ABOUT THIS TASK.
Take the line that holds "酒店仿古浴室柜：一個好用的衛(wèi)生間浴室柜可以這樣設(shè)計？" and every line after it to the end of the entries, and repeat them exactly without the pictures.

DATA IN THIS EXERCISE.
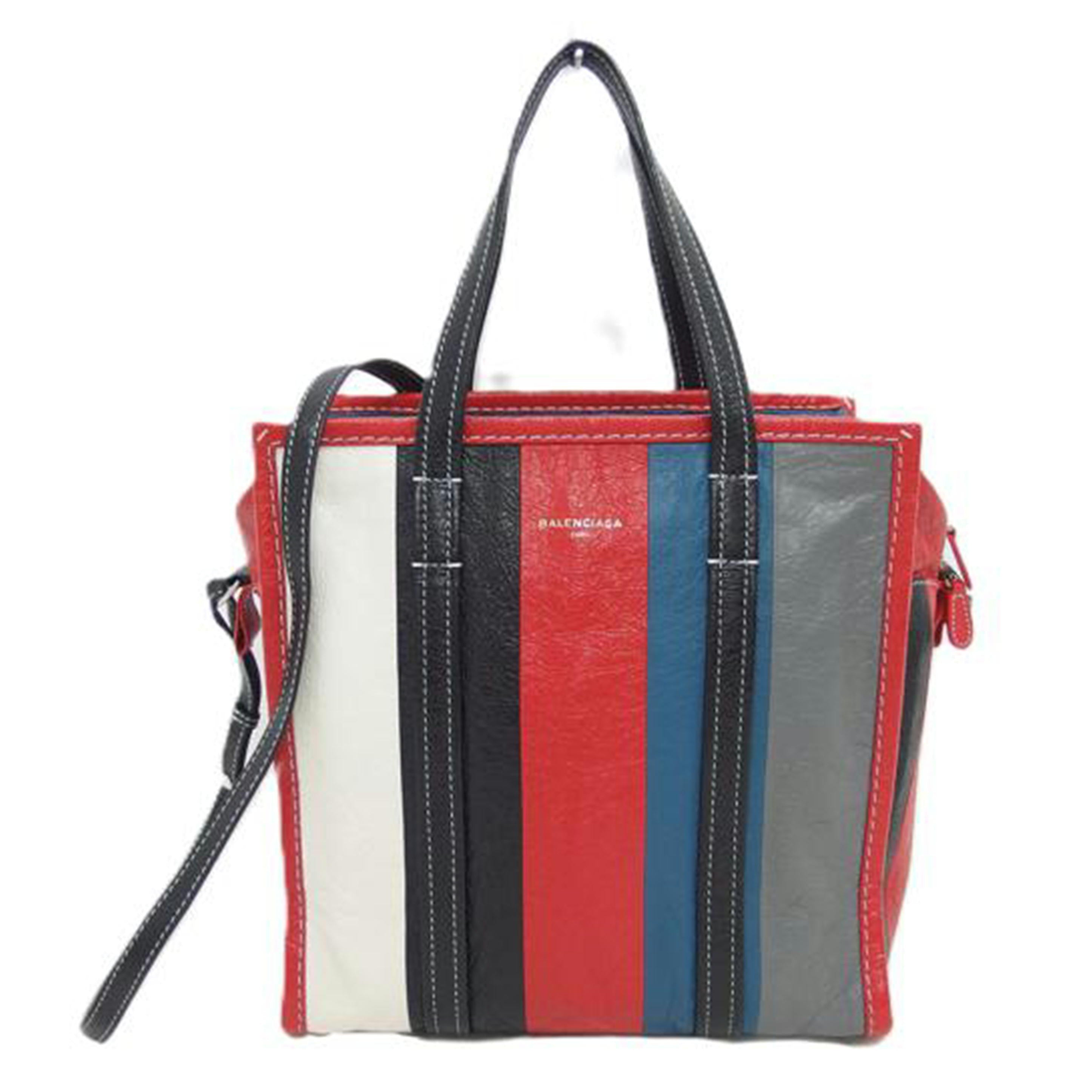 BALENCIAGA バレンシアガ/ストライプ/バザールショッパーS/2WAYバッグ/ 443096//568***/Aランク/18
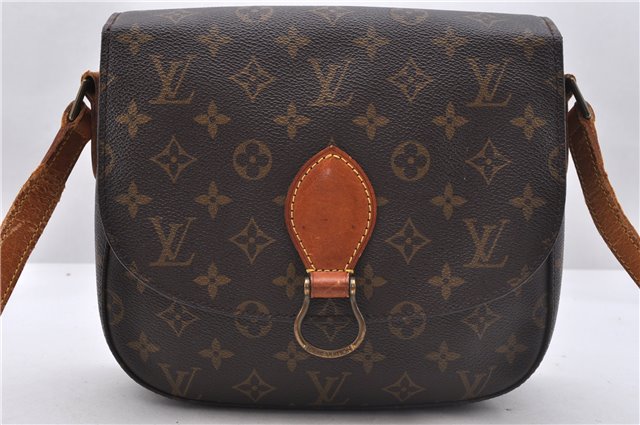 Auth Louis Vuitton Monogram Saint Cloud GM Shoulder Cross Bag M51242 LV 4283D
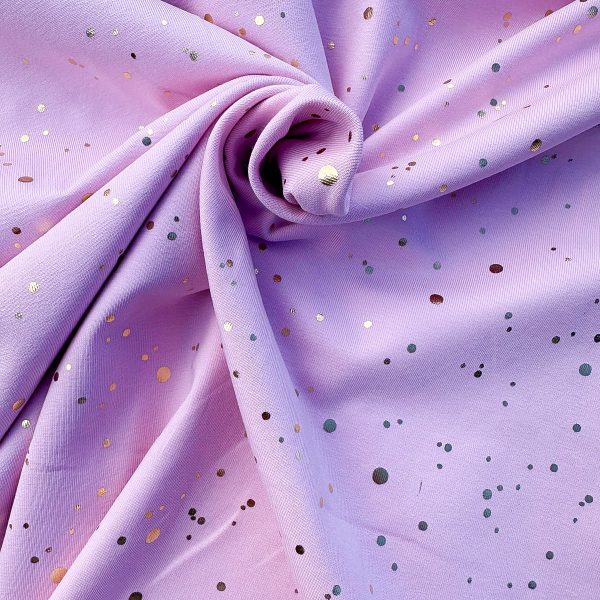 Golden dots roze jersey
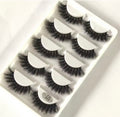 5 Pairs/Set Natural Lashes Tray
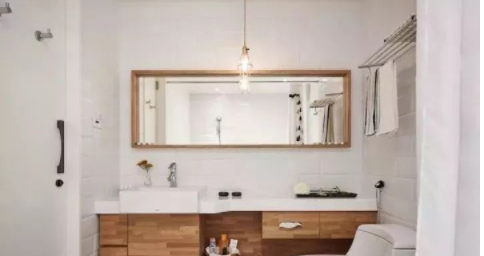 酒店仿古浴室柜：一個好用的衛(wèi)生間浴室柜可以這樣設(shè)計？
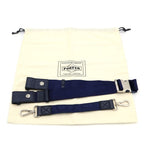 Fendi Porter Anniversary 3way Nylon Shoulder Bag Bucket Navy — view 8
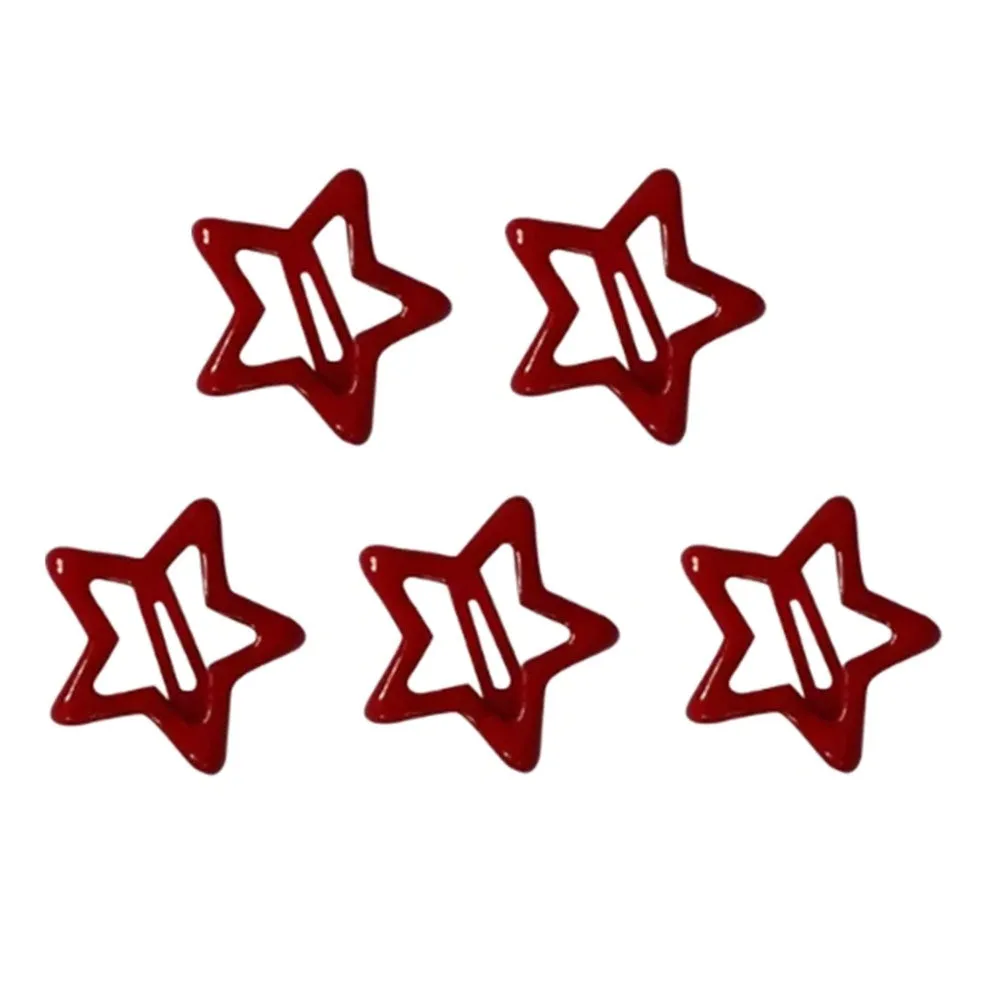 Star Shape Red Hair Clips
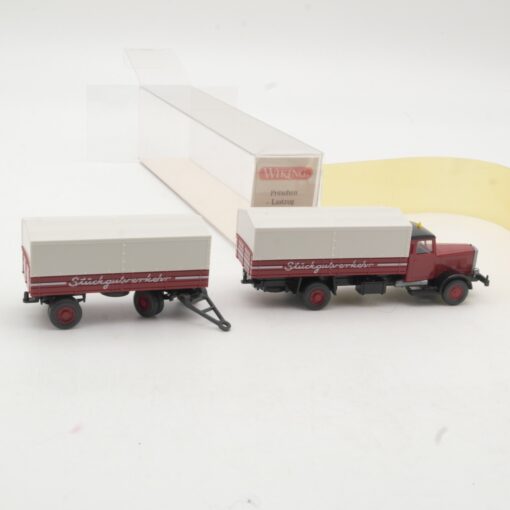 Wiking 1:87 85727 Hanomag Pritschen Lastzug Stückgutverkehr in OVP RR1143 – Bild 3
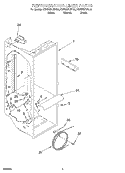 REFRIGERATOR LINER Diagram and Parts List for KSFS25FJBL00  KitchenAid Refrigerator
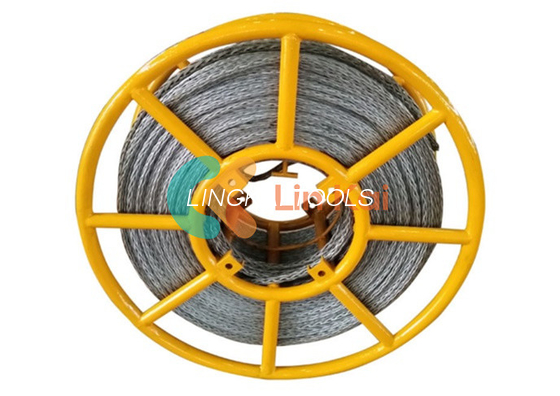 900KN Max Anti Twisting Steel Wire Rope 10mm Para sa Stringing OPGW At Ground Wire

SOLUTION FOR THIS EXERCISE.
 酒店仿古浴室柜：一個好用的衛(wèi)生間浴室柜可以這樣設(shè)計？
 Fendi Porter Anniversary 3way Nylon Shoulder Bag Bucket Navy — view 8
 Star Shape Red Hair Clips
 Wiking 1:87 85727 Hanomag Pritschen Lastzug Stückgutverkehr in OVP RR1143 – Bild 3
 REFRIGERATOR LINER Diagram and Parts List for KSFS25FJBL00  KitchenAid Refrigerator
 900KN Max Anti Twisting Steel Wire Rope 10mm Para sa Stringing OPGW At Ground Wire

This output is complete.